Repeat, exactly as they appear, the lines from the one with "Mocassins compensés en" through the last line of the entries below, but none of the pictures.

::::::

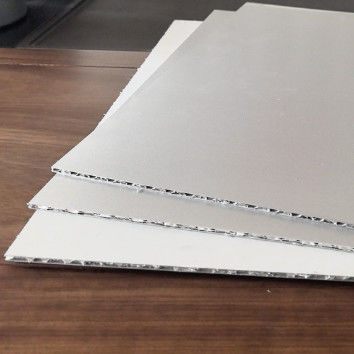 2.0 mm de espesor Hojas corrugadas de aluminio Excelente aislamiento térmico y acústico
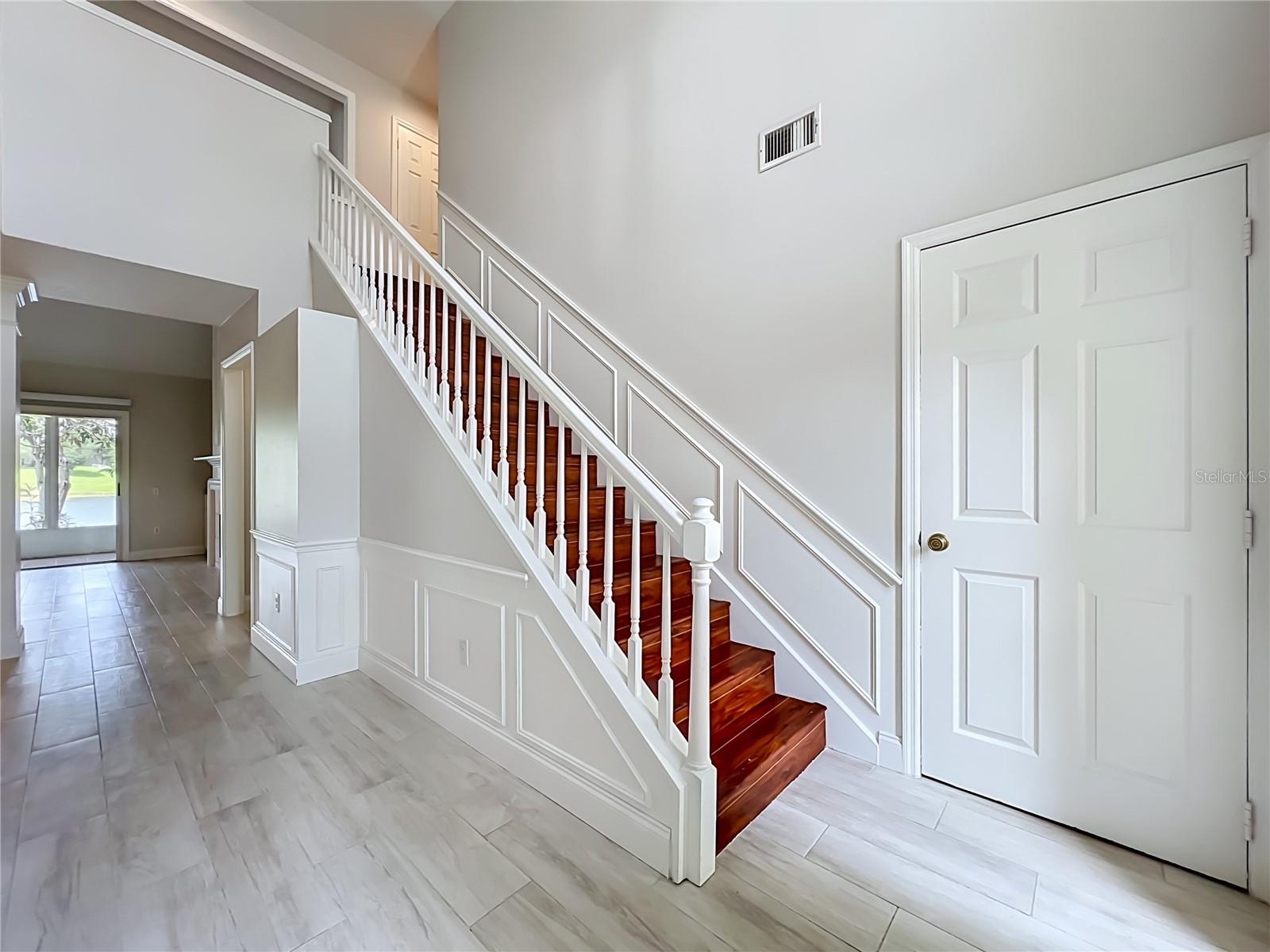 900 W CHARING CROSS CIR — photo 10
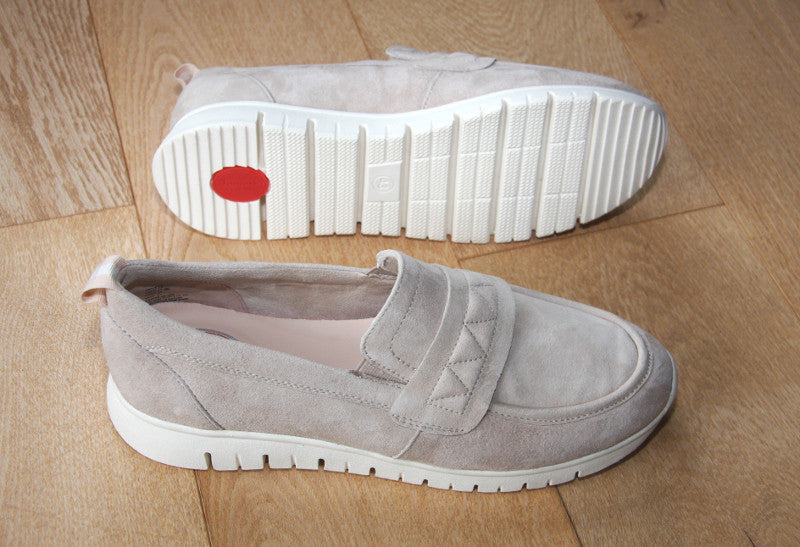 Mocassins compensés en cuir velours beige Nomade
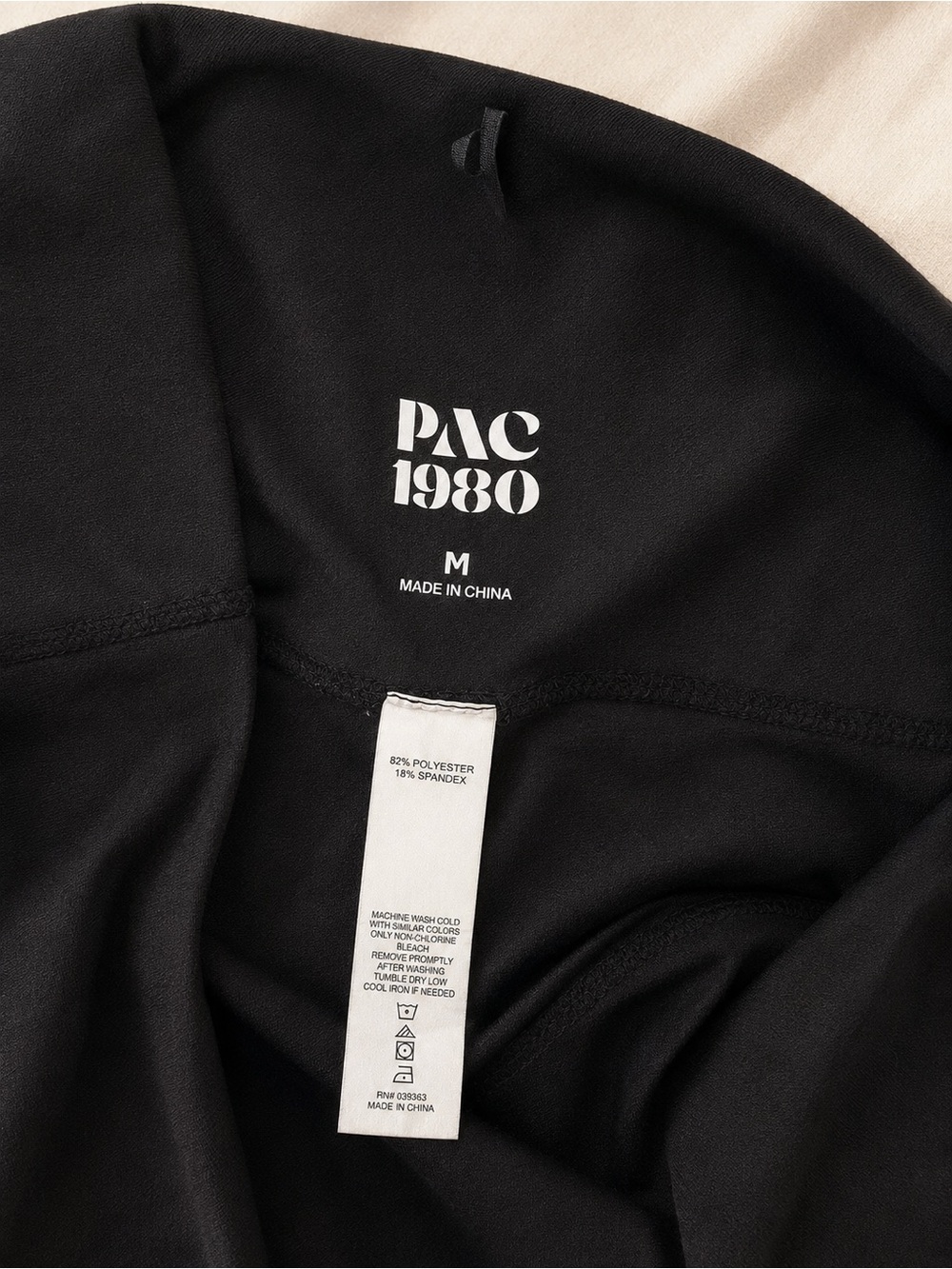 PacSun Black Flare Leggings
Size M - Picture 4 of 4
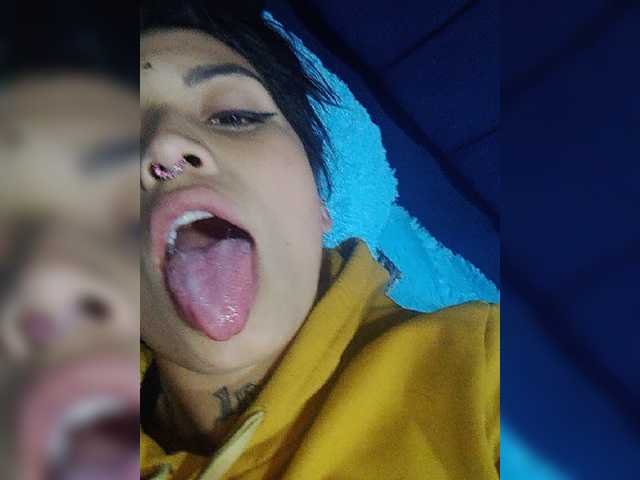 Foto's terezza1 hey welcome to my room!!#latina#teen#tattos#pretty#sexy#deep Throat#gaga#teen#sloppy#llong glove naked!!! finguer in pussy cum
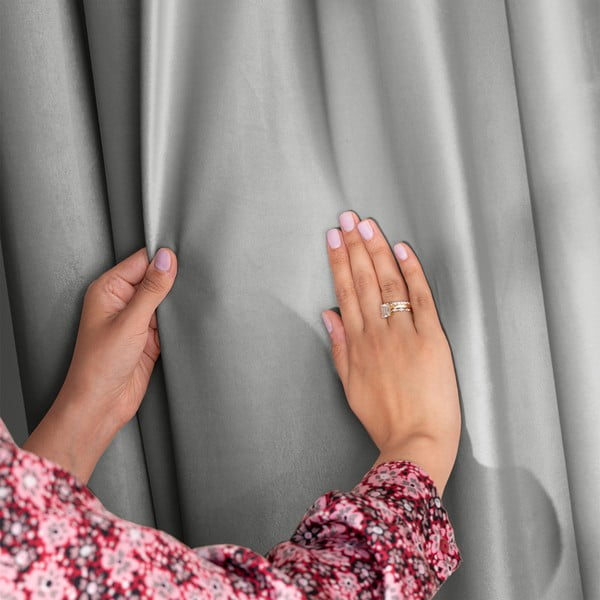 Gaiši pelēks samta daļēji gaismu necaurlaidīgs aizkars 140x270 cm Pleat – Restilo-image-1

::::::

ANSWER BELOW:
 Mocassins compensés en cuir velours beige Nomade
 PacSun Black Flare Leggings
Size M - Picture 4 of 4
 Foto's terezza1 hey welcome to my room!!#latina#teen#tattos#pretty#sexy#deep Throat#gaga#teen#sloppy#llong glove naked!!! finguer in pussy cum
 Gaiši pelēks samta daļēji gaismu necaurlaidīgs aizkars 140x270 cm Pleat – Restilo-image-1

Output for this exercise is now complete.